Conseguenze giudiziarie
Le conseguenze più dirette del mandato di arresto sono certamente quelle di natura giuridica. Malgrado le dichiarazioni di Tajani, dopo l’emanazione di un mandato d’arresto da parte della CPI c’è poco da «valutare» o «interpretare»: si deve semplicemente rispondere ai propri doveri. Le decisioni della Corte Penale, infatti, sono vincolanti e i Paesi firmatari hanno l’obbligo di rispettarli. I mandati di cattura, di preciso, stabiliscono che i Paesi arrestino le persone coinvolte nel caso in cui esse mettano piede nel loro territorio, per poi consegnarle al Tribunale. Gli stessi Stati Uniti hanno ricordato spesso questi doveri ai firmatari, specialmente nel caso dei mandati contro Putin. L’ultima volta risale giusto allo scorso settembre, quando Putin è volato in Mongolia nel suo primo viaggio in un Paese firmatario dello Statuto di Roma da quando è sotto ordine di cattura internazionale. Come prevedibile, la Mongolia non lo ha arrestato.

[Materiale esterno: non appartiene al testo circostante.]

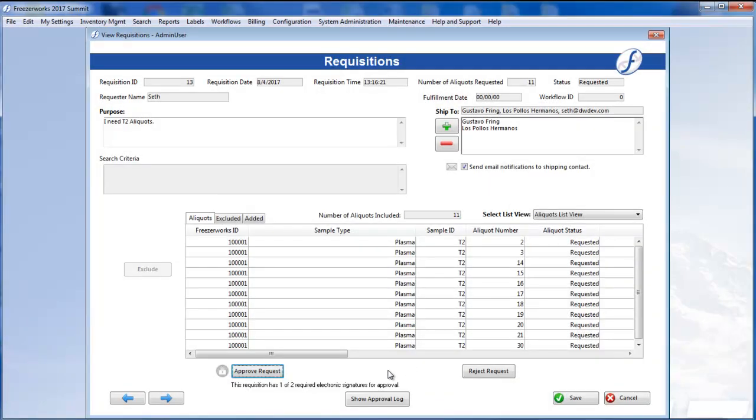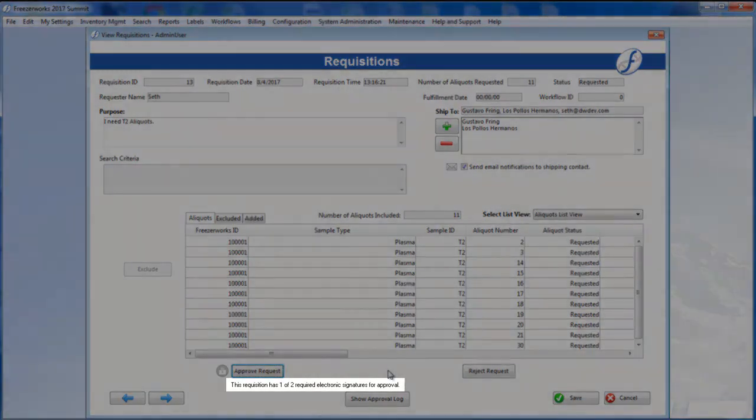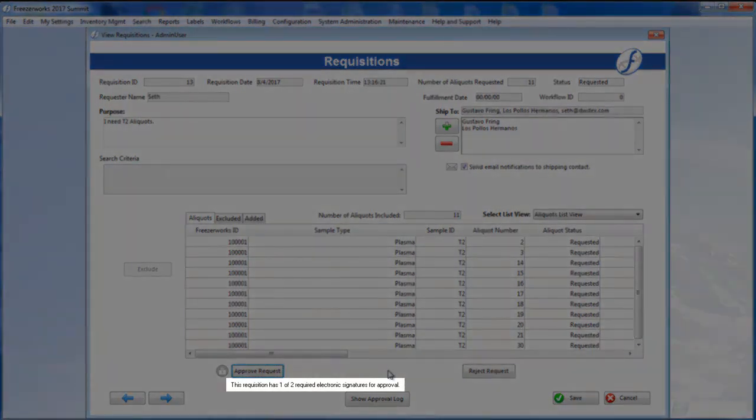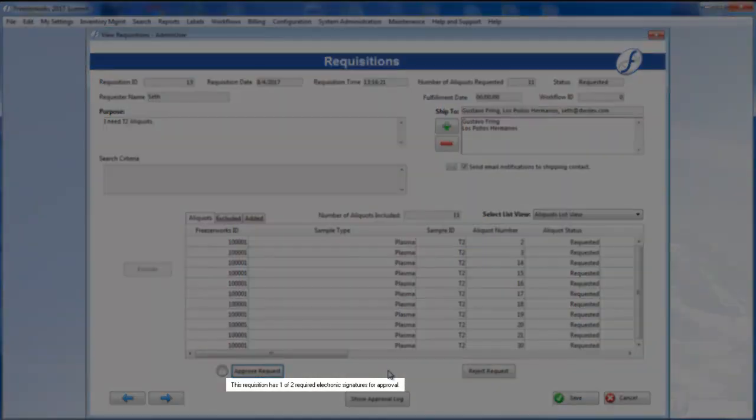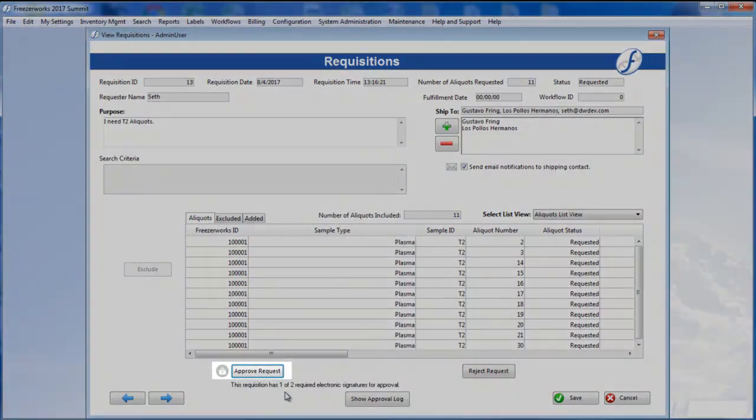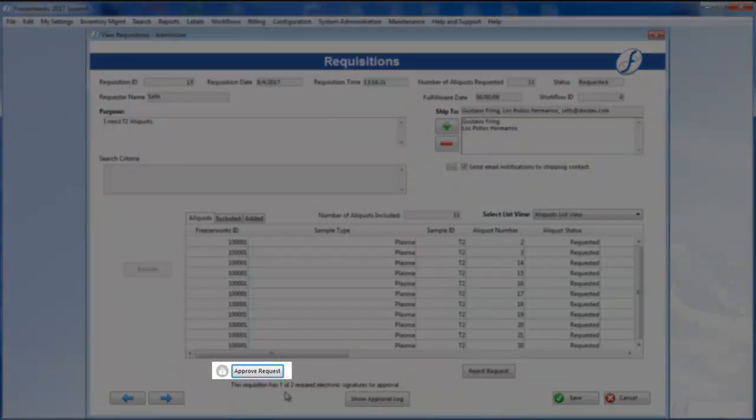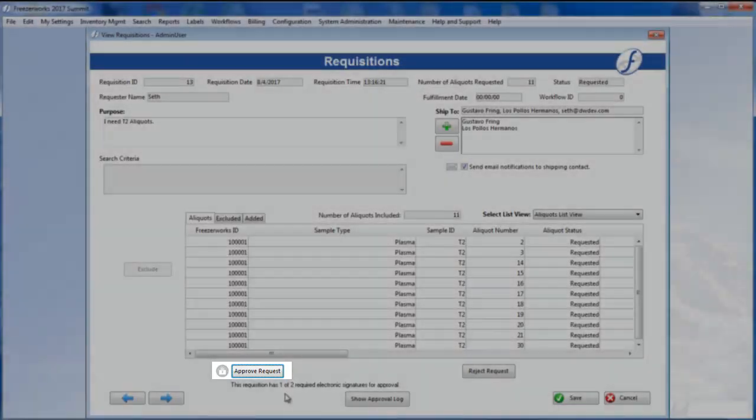Upon returning to the requisition form, you'll notice the message underneath Approve Request has changed, indicating one e-signature has been given. And a lock icon now appears to the left as well, indicating that I can no longer edit the aliquot selection.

La CPI, dopo tutto, si fonda sul principio di cooperazione degli Stati e non è dotata di alcun organo esecutivo che renda efficaci le proprie decisioni. Tra i firmatari, tra l’altro, vi è un’importante lista di grandi assenti, tra cui si annoverano Stati Uniti, Russia, Cina, e la stessa Israele. Va comunque fatto un distinguo: uno dei principi fondativi dell’Italia e di quasi tutti i Paesi europei è quello della separazione dei poteri. Nel caso in cui Netanyahu dovesse atterrare in Italia, a prendersi carico dell’onere sarebbe l’autorità giudiziaria; risulta insomma improbabile che egli non venga arrestato nel caso arrivasse in un Paese comunitario. Le conseguenze giudiziarie dei mandati di arresto, tuttavia, sono facilmente evitabili: Gallant è stato licenziato, mentre Netanyahu può farsi rappresentare in Europa dai suoi alleati, e intanto continuare a viaggiare indisturbato negli USA. Se poi la crisi interna in Israele dovesse farsi tanto forte da costringerlo a dimettersi, il nuovo capo del governo non sarebbe soggetto ad alcun mandato di cattura, e potrebbe continuare indisturbato il genocidio del popolo palestinese.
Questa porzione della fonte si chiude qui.